On Father’s Day he used to pretend he wasn’t bothered but mum told us he used to smile to himself and tell her he loved us. Later we found every card we ever sent him in a plastic bag inside a box inside another plastic bag. We think they were in year order.
He stood three steps down from the road crossing and two in towards the shop window the back of his head was reflected in. Breathe, he said below his breath. Breathe. He used his thin hands as a brown paper bag and began to feel better. His vision slowed its spinning and he could almost focus on the police van parked opposite. Hello John, said the voice again. Not bad, he said, and yourself? But I didn’t ask you, said the voice. I just said hello.
That’s more than I’m used to.
That’s as may be.
I must be going.
Please don’t go, he said below his breath. Please. He unbuttoned his coat as if he had arrived home.

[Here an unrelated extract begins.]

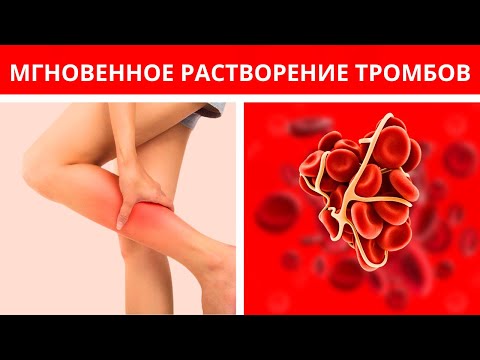 Эти 7 пищевых продуктов мгновенно приведут к растворению ТРОМБОВ в сосудах.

I was possible before you. I was.
But now, now.
The olive trees are dying and we must burn them, dry twigs, snapped branches, roots.
In the late-morning sun and the silence of the old men’s tears, the sound of axes. Hard hands are torn. Children watch from the shade, sparrows in the thorny oak.
For centuries the trees have given and now it seems an end. But we, green-hearted, hopeful, we shall plant again and our grandchildren shall harvest.
south sunshine starred night
pure colour pure light
I was reading about the boat full of people looking for a better life that hit the rocks near Porto Bisco when the south wind was flying from the tropics and how people fell into the foaming water as the boat foundered and how a few – very few – people dove from the shore and tried to save their lives. But the part of the interview with one of the rescuers that stays with me is this.
Interviewer: Some of the people you saved – do you know how many it was? Three children and two adults – say you told them you loved them, that you used your breath to tell them you loved them while you were fighting the sea, you told them that you loved them. And they all understood what you were saying because you told them in French, in Italian, in English.
Rescuer: Yes, I shouted to them as I tried to pull them through the water, as I tried to stop them thrashing, as I tried to unzip their coats, as I tried to pull their freezing fingers from my throat. I shouted. I shouted “je t’aime, ti amo, I love you. Je t’aime, ti amo, I love you”. I shouted in their ears if I could get my mouth near enough or I shouted it through the spray in the frozen air. I shouted and I gulped air and I spat and I coughed salt water. Shouted and shouted and shouted. Why? Because I thought they were going to die, they would sink through my fingers and the waves and the foam and sink to the bottom of the sea with the crabs and the eels. I thought I could not save them. I thought they were going to die.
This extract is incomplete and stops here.